From Hijackings to Right-Wing Extremism: The Drivers of New Zealand’s Counter-terrorism Legislation 1977 – 2020

Author: Webb, Sheridan
Published in National Security Journal, 09 April 2021

The role of the United Nations in the development of an international CT framework

The United Nations (UN) has over time carved itself a central role in the development of an international counterterrorism (CT) regime. Between the rise in popularity of air hijackings in the 1960s and the new millennium, the United Nations General Assembly (UNGA) developed a series of conventions that addressed specific terrorist offending. These conventions called on signatories to suppress certain terrorist acts, to criminalise such offending in domestic legislation, and to provide the means to prosecute or extradite terrorists.1 During UN CT negotiations in the 1970s, the definition of terrorism emerged as the key polarising issue, as states were divided on who could “use force without being described as a terrorist.”2 To date, no definition has been internationally agreed upon and key multilateral agreements, such as the Comprehensive Convention on International Terrorism, remain unresolved.

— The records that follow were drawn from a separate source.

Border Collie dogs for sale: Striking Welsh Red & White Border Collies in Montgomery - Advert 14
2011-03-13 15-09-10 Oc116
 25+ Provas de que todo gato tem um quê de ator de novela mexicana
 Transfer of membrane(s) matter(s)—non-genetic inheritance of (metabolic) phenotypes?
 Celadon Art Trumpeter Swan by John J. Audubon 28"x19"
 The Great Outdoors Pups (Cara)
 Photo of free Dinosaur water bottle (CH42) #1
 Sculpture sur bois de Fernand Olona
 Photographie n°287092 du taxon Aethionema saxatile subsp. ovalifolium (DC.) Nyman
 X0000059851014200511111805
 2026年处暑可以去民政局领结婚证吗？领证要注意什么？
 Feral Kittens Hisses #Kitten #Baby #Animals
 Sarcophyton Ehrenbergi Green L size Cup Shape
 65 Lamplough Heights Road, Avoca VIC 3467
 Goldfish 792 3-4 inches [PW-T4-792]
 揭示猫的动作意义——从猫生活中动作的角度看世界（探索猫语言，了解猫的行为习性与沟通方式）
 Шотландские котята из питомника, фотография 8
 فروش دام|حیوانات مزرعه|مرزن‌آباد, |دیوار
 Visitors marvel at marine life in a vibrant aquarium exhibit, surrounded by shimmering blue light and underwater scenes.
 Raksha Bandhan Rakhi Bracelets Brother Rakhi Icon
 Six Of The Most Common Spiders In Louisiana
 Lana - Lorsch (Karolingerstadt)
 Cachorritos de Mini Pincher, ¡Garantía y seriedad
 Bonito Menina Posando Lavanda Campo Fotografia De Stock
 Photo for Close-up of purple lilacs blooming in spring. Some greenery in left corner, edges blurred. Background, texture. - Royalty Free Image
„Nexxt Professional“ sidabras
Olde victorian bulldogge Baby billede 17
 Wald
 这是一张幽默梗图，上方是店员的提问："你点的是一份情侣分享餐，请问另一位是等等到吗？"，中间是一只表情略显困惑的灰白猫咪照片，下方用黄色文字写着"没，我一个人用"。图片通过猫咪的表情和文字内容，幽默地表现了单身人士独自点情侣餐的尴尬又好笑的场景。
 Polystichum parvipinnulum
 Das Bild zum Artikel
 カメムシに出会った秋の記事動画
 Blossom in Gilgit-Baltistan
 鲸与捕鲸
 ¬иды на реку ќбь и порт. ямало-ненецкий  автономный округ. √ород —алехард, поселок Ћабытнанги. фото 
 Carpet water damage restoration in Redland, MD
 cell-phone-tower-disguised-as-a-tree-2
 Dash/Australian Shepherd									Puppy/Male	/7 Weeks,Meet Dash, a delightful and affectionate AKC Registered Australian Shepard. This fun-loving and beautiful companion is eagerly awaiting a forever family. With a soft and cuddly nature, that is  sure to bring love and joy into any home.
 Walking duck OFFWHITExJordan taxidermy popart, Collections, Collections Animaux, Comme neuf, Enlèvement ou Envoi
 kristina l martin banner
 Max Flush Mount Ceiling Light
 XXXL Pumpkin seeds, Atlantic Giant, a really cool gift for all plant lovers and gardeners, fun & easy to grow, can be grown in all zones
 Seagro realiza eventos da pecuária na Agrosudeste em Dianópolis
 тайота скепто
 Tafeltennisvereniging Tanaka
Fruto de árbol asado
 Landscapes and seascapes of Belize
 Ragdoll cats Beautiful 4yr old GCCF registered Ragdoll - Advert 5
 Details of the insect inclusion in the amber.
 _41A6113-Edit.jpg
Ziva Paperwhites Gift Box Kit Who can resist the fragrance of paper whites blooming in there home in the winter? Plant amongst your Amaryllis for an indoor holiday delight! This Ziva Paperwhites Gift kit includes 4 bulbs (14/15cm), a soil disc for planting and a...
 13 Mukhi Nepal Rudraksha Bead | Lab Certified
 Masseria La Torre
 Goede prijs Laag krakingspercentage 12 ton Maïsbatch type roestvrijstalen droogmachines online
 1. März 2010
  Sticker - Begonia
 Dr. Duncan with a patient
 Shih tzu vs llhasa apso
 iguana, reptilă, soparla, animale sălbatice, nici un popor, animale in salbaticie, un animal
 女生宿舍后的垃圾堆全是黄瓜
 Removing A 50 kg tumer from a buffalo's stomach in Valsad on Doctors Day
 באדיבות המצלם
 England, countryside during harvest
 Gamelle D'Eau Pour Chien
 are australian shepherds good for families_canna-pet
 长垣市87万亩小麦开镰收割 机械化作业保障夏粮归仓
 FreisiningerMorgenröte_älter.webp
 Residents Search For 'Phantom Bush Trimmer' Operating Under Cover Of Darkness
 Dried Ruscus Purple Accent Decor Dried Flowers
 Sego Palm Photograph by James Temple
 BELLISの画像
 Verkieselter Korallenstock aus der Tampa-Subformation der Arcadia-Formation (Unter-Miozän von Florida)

Following 9/11, the United Nations Security Council (UNSC) issued a series of binding decisions under Chapter Seven of the UN Charter. Chapter Seven empowers the UNSC to act with respect to “threats to the peace, breach of the peace, or acts of aggression”, where they can “make recommendations, or decide what measures shall be taken … to maintain or restore international peace and security.”3 These resolutions differed from earlier approaches, as they obliged all UN member states to prevent and prosecute terrorism by virtue of the state’s signatory to the UN Charter. The UNSC has subsequently built a framework through these decisions, where states, international organisations and non-state actors have reinforcing roles.4 However, in pursuing a “pervasive and top-down law-making” approach, the UNSC straddles the line between being an active implementer of international law and overstepping into states’ domestic legislative processes.5 The key constitutional concern relates to whether binding Chapter Seven resolutions intrude on state sovereignty, as while states agreed to be bound by decisions of the UNSC when becoming a party to the UN Charter, “it could hardly have been intended” that the UNSC would hold such influence on states’ treaty-making processes and the implementation of domestic CT legislation.6

With respect to the definition of terrorism following 9/11, the UNSC has sidestepped the issue; no resolution has attempted to define it. Instead, the UNSC has strived to set international norms, pressing member states to implement domestic legal frameworks with offences that ensure that individuals or groups that finance, plan, prepare or perpetrate terrorist acts are brought to justice.7 To satisfy these UNSC resolutions, states have had to develop their own definitions of a terrorist act. UNSC resolution 1373 (adopted in the wake of 9/11) is of particular importance as it required states to report on the steps taken to progress these obligations after 90 days of its adoption. The first tranche of domestic CT law changes in several countries was consequently rapid, reactive and rushed.